• Task description
Output only the lines below from the one containing "Apartment in Qawra - thumbnail 17" to the one containing "GIN GLIVERY EXOTIC", exactly as written, both ends kept.
══════════════════════════════
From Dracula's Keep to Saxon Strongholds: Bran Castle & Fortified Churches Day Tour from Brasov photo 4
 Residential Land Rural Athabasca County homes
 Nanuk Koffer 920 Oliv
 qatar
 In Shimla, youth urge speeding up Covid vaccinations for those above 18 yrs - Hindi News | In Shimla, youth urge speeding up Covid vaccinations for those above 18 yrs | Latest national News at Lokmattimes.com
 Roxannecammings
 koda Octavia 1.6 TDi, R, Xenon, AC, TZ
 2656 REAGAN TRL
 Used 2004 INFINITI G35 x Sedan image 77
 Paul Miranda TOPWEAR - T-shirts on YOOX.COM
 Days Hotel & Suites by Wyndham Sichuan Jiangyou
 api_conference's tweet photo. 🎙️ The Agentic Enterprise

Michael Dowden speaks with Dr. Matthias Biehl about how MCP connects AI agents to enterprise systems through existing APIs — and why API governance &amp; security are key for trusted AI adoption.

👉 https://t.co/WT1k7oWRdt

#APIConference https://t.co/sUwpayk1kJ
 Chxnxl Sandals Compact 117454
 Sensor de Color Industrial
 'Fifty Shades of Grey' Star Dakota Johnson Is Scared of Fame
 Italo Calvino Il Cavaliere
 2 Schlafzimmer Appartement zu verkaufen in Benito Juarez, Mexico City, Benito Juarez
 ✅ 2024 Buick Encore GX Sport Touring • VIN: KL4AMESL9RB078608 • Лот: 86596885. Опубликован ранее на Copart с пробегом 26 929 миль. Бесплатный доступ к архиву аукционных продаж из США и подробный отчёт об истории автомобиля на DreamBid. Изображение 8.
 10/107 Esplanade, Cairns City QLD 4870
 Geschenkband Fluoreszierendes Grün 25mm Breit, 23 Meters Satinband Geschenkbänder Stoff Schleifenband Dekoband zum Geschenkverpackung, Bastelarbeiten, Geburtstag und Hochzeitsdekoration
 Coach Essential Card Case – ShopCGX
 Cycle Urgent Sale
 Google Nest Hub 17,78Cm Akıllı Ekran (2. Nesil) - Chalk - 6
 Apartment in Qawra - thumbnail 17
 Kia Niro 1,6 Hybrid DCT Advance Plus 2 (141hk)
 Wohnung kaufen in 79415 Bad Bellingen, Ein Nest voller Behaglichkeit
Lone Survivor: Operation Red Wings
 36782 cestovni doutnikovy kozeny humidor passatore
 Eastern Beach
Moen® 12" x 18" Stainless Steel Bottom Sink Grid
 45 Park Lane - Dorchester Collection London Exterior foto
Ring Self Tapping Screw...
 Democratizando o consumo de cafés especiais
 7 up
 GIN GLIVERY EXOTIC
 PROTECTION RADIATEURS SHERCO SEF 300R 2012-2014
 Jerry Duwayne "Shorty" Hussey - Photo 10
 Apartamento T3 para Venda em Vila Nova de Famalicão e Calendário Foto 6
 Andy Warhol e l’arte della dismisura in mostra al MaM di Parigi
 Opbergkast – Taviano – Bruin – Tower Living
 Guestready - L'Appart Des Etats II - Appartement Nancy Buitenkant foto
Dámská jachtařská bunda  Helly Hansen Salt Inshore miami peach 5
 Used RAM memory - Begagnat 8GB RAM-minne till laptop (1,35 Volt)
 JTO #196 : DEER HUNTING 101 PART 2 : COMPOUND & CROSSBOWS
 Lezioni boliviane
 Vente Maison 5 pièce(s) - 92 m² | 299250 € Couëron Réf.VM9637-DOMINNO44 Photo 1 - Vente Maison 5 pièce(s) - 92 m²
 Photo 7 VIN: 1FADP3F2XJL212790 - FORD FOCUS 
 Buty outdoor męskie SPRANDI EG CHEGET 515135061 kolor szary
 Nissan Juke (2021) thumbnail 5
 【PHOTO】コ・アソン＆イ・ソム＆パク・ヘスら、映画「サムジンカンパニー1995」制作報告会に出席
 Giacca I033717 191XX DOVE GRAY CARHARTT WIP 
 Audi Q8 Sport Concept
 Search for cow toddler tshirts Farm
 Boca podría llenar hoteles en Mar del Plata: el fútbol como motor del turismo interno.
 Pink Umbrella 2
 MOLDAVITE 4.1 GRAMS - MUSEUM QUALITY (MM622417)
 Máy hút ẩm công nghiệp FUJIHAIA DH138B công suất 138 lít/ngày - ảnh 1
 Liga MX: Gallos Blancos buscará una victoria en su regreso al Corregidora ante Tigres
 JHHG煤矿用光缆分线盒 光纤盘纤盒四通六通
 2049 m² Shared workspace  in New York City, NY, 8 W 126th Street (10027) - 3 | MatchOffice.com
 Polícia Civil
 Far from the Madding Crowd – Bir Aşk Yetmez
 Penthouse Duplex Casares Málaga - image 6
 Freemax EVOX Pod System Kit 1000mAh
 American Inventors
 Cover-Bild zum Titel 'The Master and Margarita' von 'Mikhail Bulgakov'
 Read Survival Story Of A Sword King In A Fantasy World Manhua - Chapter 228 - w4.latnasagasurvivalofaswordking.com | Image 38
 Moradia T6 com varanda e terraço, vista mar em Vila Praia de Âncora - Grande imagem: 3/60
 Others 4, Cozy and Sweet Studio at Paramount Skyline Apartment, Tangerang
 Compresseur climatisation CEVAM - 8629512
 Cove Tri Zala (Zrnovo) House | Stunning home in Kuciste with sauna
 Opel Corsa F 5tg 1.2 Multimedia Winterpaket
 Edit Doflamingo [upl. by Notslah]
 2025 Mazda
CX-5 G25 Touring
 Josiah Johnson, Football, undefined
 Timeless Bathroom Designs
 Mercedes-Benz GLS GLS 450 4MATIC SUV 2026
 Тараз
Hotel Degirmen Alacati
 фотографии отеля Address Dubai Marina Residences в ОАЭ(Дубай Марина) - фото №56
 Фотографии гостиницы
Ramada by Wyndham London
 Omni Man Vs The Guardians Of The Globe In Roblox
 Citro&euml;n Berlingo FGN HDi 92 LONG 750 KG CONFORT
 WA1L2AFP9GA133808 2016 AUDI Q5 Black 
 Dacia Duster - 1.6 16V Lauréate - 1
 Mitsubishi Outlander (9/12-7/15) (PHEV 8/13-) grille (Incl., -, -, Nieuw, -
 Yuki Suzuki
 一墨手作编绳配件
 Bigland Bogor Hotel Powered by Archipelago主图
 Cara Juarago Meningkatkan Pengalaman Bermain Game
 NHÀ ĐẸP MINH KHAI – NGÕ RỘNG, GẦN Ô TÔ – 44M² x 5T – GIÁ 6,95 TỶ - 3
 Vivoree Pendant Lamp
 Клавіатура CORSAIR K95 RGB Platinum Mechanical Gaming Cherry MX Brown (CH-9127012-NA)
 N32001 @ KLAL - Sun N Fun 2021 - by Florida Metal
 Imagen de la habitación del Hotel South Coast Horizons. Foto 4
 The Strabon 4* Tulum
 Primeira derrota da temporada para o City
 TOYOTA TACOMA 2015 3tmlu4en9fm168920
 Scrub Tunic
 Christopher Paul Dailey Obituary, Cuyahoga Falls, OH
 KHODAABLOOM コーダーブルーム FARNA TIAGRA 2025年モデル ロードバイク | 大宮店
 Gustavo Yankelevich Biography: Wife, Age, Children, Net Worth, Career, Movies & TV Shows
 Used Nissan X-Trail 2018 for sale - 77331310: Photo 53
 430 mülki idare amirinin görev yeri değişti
══════════════════════════════
• Task response
 Apartment in Qawra - thumbnail 17
 Kia Niro 1,6 Hybrid DCT Advance Plus 2 (141hk)
 Wohnung kaufen in 79415 Bad Bellingen, Ein Nest voller Behaglichkeit
Lone Survivor: Operation Red Wings
 36782 cestovni doutnikovy kozeny humidor passatore
 Eastern Beach
Moen® 12" x 18" Stainless Steel Bottom Sink Grid
 45 Park Lane - Dorchester Collection London Exterior foto
Ring Self Tapping Screw...
 Democratizando o consumo de cafés especiais
 7 up
 GIN GLIVERY EXOTIC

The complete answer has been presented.